Cette année, la Journée internationale des droits des femmes a lieu dans un contexte extrêmement tendu pour l’équilibre géopolitique. L’invasion des troupes de Poutine en Ukraine jette sur la route de l’exil des millions de personnes, et oblige le peuple ukrainien à se mobiliser face aux visées impérialistes du chef du Kremlin. Loin d’être accueillies en sauveur d’un régime nazi fantasmé, les troupes russes font face à la résistance de tout un peuple.
Le contraste des images
L’image rappelle les heures les plus sombres du XXème siècle : un chef d’Etat va-t-en-guerre, assis confortablement derrière son bureau envoie sa chair à canon sur le terrain et détruit les infrastructures de tout un pays à coup de raids aériens.
Cette image pathétique d’un autre siècle contraste avec celles de nombreuses ukrainiennes qui ont pris les armes aux côtés de leurs frères, amis ou voisins.
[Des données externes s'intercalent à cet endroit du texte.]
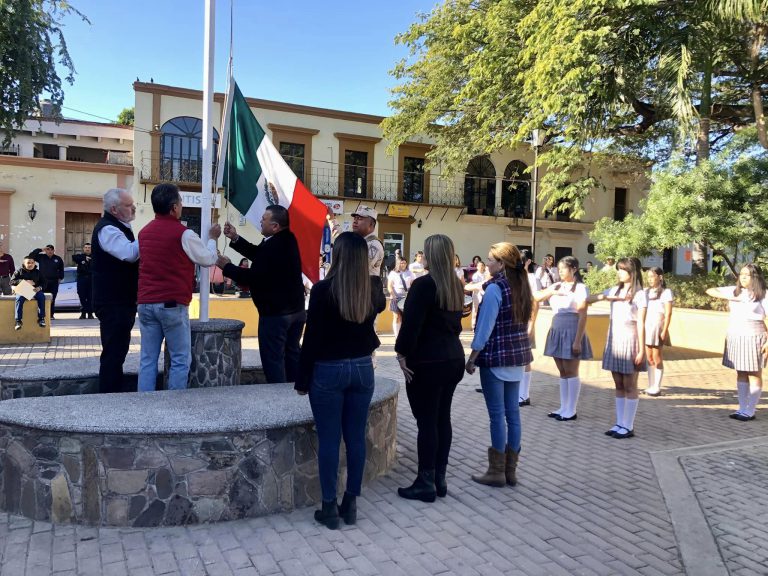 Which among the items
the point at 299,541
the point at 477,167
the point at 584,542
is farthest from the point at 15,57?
the point at 477,167

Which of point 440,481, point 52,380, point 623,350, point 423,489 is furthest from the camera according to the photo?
point 623,350

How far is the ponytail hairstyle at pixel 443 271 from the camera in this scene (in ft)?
13.8

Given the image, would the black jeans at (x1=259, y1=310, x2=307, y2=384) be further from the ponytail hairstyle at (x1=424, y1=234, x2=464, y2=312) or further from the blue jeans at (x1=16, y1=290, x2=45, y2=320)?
the blue jeans at (x1=16, y1=290, x2=45, y2=320)

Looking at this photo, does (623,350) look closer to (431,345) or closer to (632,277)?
(632,277)

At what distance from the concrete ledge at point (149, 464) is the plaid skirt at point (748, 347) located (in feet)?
18.1

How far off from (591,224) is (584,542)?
106 ft

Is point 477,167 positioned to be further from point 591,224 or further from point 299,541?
point 299,541

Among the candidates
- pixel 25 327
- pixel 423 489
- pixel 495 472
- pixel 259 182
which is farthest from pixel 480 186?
pixel 423 489

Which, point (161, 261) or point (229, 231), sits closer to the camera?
point (161, 261)

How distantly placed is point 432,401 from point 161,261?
220cm

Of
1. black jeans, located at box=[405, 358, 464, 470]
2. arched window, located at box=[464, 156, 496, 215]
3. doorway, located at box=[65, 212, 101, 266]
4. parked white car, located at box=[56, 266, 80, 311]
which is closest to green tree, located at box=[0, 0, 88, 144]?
parked white car, located at box=[56, 266, 80, 311]

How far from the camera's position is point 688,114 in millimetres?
13375

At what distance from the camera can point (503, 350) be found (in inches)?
181

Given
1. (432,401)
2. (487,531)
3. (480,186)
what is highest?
(480,186) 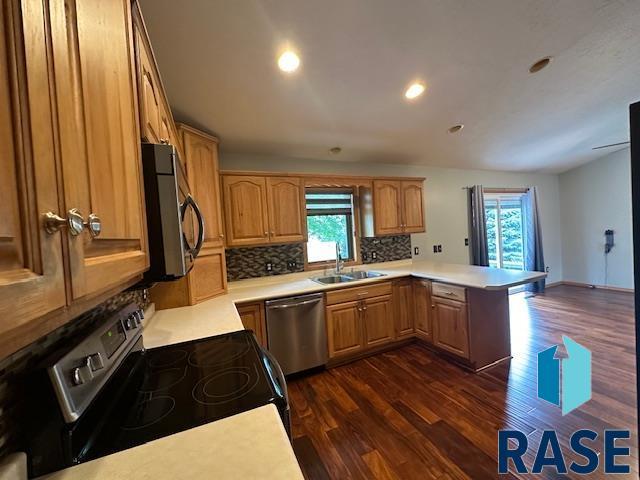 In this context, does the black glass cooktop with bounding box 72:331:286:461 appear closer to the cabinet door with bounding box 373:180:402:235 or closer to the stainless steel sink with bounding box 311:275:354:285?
the stainless steel sink with bounding box 311:275:354:285

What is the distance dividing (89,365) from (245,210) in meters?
2.01

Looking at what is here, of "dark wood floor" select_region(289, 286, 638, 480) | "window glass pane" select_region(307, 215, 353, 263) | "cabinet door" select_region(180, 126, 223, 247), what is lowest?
"dark wood floor" select_region(289, 286, 638, 480)

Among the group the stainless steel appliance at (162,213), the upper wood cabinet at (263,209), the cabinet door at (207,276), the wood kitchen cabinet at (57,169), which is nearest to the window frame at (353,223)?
the upper wood cabinet at (263,209)

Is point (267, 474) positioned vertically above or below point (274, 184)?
below

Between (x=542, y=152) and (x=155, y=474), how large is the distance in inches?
228

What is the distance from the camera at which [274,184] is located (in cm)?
273

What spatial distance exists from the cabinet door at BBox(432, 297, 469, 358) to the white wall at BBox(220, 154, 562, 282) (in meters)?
1.43

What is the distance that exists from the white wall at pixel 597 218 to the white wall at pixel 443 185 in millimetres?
339

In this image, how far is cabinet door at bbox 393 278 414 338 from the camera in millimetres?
3001

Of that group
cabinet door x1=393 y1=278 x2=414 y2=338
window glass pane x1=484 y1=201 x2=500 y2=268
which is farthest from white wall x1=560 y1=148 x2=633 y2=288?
cabinet door x1=393 y1=278 x2=414 y2=338

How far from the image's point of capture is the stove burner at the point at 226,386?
849mm

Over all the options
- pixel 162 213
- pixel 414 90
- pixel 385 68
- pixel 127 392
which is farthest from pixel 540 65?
pixel 127 392

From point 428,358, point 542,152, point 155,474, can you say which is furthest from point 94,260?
point 542,152

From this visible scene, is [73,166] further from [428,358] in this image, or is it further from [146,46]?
[428,358] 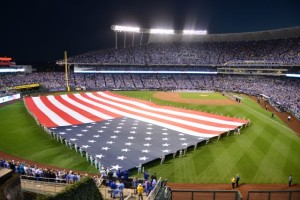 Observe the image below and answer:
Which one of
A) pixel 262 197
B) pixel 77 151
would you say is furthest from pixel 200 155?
pixel 77 151

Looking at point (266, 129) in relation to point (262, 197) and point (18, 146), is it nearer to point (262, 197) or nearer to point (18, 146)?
point (262, 197)

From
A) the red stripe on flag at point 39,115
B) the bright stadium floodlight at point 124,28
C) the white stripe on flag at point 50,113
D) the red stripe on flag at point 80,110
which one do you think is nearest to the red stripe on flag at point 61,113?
the white stripe on flag at point 50,113

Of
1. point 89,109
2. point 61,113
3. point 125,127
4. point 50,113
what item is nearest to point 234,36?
point 89,109

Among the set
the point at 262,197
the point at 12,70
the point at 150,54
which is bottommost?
the point at 262,197

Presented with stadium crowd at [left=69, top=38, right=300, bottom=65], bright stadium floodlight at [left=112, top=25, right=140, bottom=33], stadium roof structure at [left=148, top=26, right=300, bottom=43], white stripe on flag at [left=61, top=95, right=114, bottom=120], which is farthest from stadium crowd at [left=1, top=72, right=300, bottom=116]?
white stripe on flag at [left=61, top=95, right=114, bottom=120]

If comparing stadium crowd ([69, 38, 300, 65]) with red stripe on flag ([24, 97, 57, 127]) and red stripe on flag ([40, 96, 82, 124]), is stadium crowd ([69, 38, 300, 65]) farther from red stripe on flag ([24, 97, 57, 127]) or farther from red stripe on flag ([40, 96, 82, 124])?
red stripe on flag ([24, 97, 57, 127])

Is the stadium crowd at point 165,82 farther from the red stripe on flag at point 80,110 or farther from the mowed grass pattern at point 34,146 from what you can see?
→ the mowed grass pattern at point 34,146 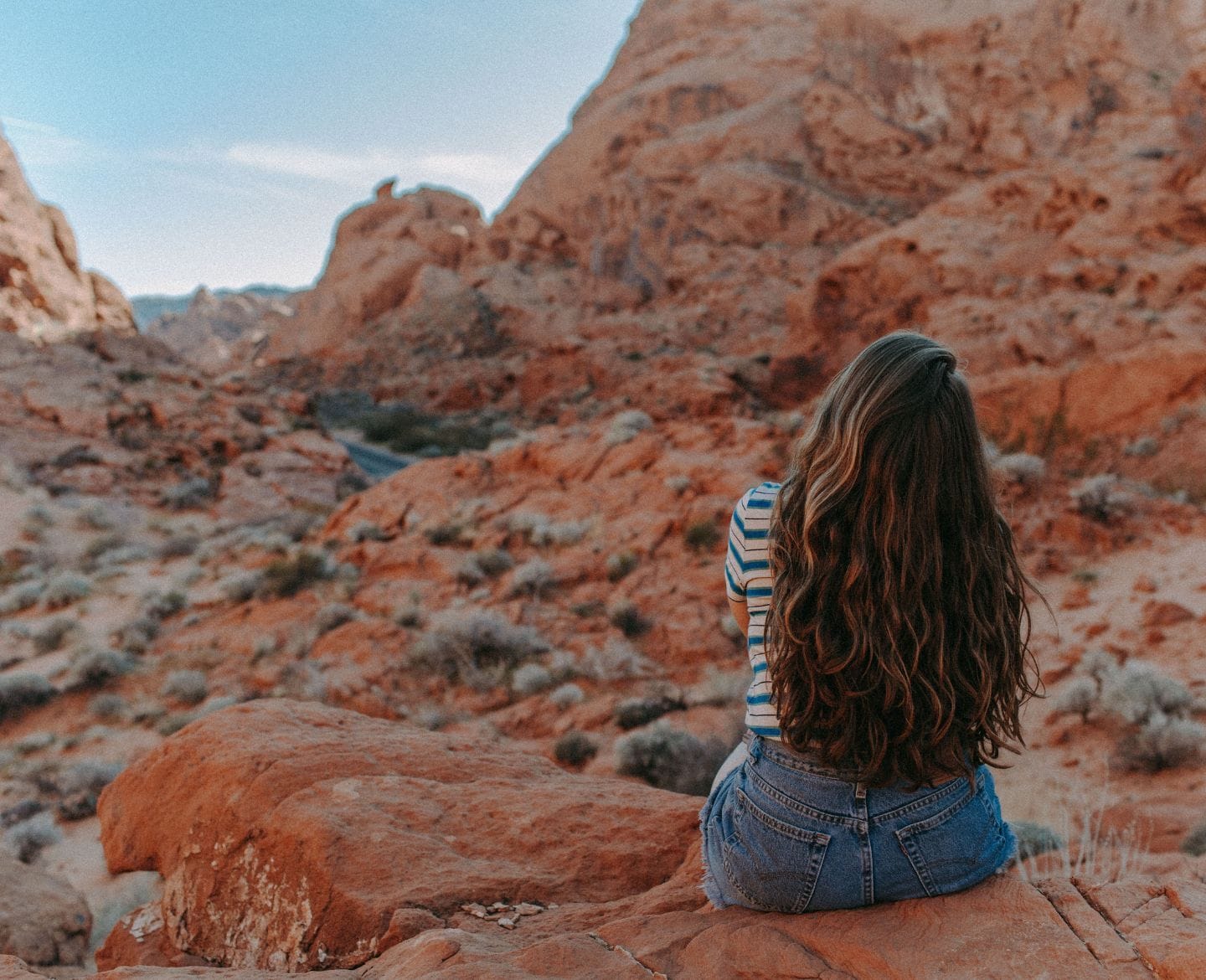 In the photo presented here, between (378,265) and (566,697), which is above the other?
(378,265)

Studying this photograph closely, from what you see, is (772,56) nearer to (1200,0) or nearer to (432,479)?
(1200,0)

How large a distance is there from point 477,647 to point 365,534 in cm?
404

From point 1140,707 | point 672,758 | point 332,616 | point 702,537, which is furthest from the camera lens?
point 702,537

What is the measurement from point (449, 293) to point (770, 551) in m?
39.1

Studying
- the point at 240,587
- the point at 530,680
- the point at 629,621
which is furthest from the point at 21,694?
the point at 629,621

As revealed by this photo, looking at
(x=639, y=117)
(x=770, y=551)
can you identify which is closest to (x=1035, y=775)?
(x=770, y=551)

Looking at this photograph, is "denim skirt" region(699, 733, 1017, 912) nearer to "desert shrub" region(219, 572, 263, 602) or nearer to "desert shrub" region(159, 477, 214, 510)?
"desert shrub" region(219, 572, 263, 602)

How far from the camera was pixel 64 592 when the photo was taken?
33.4ft

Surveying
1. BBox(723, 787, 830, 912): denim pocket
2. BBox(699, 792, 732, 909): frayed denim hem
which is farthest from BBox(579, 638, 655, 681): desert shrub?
BBox(723, 787, 830, 912): denim pocket

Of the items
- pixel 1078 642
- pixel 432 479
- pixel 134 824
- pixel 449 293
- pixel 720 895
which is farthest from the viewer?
pixel 449 293

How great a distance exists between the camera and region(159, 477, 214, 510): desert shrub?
51.8 ft

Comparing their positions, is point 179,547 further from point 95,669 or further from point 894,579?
point 894,579

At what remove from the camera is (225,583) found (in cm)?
959

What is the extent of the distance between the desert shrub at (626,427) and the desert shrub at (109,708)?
22.8 ft
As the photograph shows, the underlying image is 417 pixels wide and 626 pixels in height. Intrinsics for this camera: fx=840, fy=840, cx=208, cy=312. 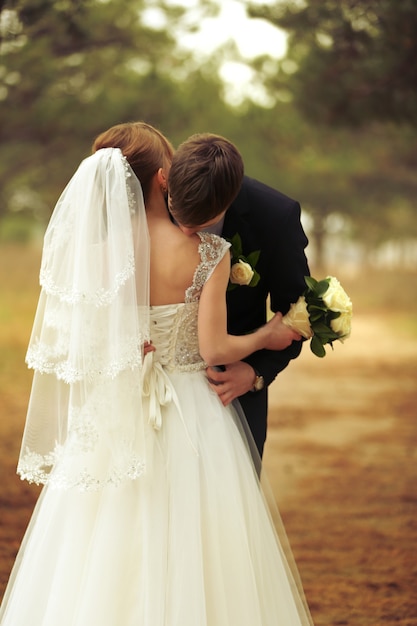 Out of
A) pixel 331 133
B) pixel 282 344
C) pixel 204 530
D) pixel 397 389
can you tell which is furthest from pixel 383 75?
pixel 204 530

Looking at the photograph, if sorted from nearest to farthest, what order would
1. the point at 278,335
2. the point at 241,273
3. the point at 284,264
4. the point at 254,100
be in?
the point at 241,273
the point at 278,335
the point at 284,264
the point at 254,100

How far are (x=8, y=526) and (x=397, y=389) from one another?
7.20 m

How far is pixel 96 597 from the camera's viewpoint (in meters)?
2.23

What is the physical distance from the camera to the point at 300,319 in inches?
102

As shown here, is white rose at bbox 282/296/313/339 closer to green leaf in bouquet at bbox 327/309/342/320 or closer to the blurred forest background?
green leaf in bouquet at bbox 327/309/342/320

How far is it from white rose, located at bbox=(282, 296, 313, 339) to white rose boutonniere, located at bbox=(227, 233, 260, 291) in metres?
0.15

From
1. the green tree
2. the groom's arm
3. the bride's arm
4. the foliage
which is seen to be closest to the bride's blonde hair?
the bride's arm

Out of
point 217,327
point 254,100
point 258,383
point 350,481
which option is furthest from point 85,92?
point 217,327

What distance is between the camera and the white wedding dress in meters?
2.24

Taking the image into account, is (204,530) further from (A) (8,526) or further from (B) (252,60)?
(B) (252,60)

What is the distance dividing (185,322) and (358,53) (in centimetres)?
728

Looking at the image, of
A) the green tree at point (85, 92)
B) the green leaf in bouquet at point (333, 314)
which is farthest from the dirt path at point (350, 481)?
the green tree at point (85, 92)

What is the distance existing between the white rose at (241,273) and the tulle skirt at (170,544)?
30 cm

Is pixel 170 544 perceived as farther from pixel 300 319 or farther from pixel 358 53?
pixel 358 53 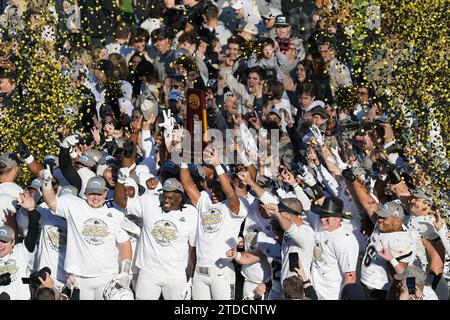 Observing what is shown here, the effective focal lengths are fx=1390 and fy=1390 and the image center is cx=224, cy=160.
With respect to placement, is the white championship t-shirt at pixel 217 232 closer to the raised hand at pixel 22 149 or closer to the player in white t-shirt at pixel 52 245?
the player in white t-shirt at pixel 52 245

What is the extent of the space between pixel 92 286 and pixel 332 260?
321 cm

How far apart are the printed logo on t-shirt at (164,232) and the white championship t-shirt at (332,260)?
1.93 m

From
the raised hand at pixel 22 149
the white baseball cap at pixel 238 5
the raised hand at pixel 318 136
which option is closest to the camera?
the raised hand at pixel 318 136

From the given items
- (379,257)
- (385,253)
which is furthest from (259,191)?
(385,253)

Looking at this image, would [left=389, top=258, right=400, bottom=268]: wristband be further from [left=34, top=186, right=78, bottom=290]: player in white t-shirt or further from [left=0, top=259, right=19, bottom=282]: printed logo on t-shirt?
[left=0, top=259, right=19, bottom=282]: printed logo on t-shirt

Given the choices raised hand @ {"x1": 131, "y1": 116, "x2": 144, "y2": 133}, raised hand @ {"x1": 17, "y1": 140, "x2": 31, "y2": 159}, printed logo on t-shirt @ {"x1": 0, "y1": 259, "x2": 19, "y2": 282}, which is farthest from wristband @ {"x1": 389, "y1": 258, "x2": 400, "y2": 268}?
raised hand @ {"x1": 17, "y1": 140, "x2": 31, "y2": 159}

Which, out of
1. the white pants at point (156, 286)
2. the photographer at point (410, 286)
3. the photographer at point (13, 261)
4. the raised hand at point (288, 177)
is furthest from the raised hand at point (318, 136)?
the photographer at point (13, 261)

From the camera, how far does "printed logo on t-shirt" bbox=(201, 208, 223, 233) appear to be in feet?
60.3

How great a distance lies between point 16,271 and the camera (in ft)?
59.4

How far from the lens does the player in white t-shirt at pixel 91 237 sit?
18.3 m

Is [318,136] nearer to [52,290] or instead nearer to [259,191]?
[259,191]

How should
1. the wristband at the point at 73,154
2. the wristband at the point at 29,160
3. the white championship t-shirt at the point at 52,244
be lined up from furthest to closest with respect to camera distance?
the wristband at the point at 73,154 → the wristband at the point at 29,160 → the white championship t-shirt at the point at 52,244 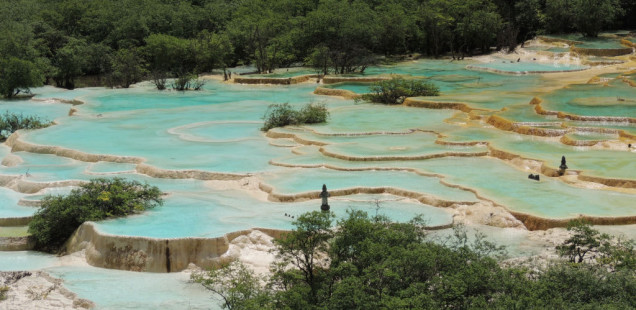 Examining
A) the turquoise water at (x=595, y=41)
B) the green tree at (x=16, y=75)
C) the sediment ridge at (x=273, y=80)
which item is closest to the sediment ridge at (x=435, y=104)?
the sediment ridge at (x=273, y=80)

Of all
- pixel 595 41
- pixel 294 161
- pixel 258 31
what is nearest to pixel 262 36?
pixel 258 31

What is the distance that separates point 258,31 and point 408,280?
3086 cm

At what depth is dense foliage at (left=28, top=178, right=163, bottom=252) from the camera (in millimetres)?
13648

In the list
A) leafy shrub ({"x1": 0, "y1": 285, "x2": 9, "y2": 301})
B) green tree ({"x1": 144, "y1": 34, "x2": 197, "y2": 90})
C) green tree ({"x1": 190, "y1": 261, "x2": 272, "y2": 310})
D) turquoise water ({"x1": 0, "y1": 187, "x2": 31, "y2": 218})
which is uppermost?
green tree ({"x1": 144, "y1": 34, "x2": 197, "y2": 90})

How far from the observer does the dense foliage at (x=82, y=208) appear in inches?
537

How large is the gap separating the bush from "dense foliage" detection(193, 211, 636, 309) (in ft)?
54.9

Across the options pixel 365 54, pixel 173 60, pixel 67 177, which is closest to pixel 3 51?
pixel 173 60

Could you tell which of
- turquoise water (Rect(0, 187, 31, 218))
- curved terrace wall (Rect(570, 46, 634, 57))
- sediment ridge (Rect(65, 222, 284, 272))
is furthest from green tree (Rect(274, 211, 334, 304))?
curved terrace wall (Rect(570, 46, 634, 57))

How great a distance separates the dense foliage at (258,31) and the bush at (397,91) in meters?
9.10

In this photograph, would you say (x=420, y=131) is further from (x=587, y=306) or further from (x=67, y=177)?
(x=587, y=306)

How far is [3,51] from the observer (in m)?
35.9

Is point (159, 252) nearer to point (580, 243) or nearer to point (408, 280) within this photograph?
point (408, 280)

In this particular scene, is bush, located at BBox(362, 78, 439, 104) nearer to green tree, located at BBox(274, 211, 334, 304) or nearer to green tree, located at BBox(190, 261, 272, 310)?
green tree, located at BBox(274, 211, 334, 304)

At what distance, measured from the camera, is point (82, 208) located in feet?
44.9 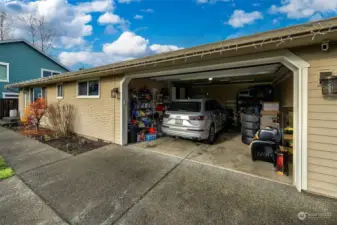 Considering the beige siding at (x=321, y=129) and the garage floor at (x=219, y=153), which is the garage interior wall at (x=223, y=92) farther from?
the beige siding at (x=321, y=129)

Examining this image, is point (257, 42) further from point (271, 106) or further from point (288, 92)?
point (271, 106)

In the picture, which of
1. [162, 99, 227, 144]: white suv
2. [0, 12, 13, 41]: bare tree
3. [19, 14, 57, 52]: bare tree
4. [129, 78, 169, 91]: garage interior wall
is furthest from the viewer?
[19, 14, 57, 52]: bare tree

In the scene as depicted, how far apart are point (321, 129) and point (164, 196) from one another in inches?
115

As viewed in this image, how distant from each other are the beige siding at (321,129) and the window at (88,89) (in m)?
6.56

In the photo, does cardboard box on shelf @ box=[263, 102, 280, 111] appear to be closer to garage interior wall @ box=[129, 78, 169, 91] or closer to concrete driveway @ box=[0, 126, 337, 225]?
concrete driveway @ box=[0, 126, 337, 225]

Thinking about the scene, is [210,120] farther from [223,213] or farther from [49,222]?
[49,222]

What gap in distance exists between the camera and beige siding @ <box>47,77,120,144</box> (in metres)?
5.80

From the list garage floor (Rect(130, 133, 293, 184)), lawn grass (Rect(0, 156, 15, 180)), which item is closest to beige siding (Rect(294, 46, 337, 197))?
garage floor (Rect(130, 133, 293, 184))

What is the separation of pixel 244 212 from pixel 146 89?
5508mm

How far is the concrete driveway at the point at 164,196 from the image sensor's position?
2.20 metres

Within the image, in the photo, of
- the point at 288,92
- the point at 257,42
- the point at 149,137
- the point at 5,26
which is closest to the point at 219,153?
the point at 288,92

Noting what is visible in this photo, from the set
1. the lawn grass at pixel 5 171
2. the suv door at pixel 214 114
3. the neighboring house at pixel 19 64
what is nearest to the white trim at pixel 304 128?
the suv door at pixel 214 114

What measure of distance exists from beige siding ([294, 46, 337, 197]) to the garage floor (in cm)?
54

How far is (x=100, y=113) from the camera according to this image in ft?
20.6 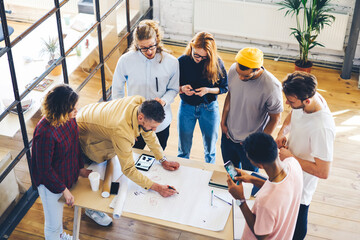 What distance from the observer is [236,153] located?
313 cm

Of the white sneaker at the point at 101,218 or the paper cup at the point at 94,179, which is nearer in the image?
the paper cup at the point at 94,179

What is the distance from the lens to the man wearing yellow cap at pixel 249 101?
2643mm

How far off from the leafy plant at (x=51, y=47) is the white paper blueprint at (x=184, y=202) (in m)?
1.26

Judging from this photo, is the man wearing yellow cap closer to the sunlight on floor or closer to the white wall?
the sunlight on floor

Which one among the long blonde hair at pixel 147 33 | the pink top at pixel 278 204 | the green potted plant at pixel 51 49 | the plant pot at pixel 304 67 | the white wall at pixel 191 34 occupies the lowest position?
the plant pot at pixel 304 67

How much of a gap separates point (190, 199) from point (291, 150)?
2.20ft

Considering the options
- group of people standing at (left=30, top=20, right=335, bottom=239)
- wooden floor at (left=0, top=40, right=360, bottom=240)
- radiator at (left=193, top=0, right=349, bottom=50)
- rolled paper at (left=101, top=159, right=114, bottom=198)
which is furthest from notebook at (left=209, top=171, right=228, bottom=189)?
radiator at (left=193, top=0, right=349, bottom=50)

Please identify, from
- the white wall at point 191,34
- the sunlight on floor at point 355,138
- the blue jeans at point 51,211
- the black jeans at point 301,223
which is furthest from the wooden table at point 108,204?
the white wall at point 191,34

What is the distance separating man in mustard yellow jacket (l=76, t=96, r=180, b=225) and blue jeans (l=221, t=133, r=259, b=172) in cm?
67

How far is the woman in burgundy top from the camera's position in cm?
220

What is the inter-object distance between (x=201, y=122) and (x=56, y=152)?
124 cm

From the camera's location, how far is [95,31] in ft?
12.3

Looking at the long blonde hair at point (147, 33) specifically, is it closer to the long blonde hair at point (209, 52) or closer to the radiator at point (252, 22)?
the long blonde hair at point (209, 52)

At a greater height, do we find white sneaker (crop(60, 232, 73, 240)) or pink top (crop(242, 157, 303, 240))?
pink top (crop(242, 157, 303, 240))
L’histoire montre que les guerres de résistance contre un envahisseur étranger engendrent une très forte participation des femmes aux combats [1], et c’est le cas encore aujourd’hui.
Dans une chronique du Washington Post reprise par le Courrier international, la journaliste Monica Hesse, souligne “la force des femmes ukrainiennes”. Mais qu’on ne s’y trompe pas : “Personne ne souhaite l’égalité des sexes dans la guerre parce que personne ne souhaite la guerre“, ajoute la journaliste.
La résistance des femmes dans l’histoire
Si l’on a de cesse de mettre au premier plan de l’histoire les guerres menées dans leur immense majorité par des hommes, il est temps de rappeler que les mouvements féministes se sont construits dans la résistance contre la guerre “telle qu’elle est vue par les courants nationalistes et l’impérialisme économique – à savoir un moyen de tirer des profits et de renforcer les rapports de hiérarchie” [2].
Le contexte de guerre froide a favorisé l’émergence “d’un mouvement féministe pacifiste puissant et solide qui revendique le désarmement nucléaire et l’instauration de la paix” [3]. Les Femmes en noir de Bosnie et Serbie illustrent ce mouvement féministe dont la solidarité transcende les frontières nationales.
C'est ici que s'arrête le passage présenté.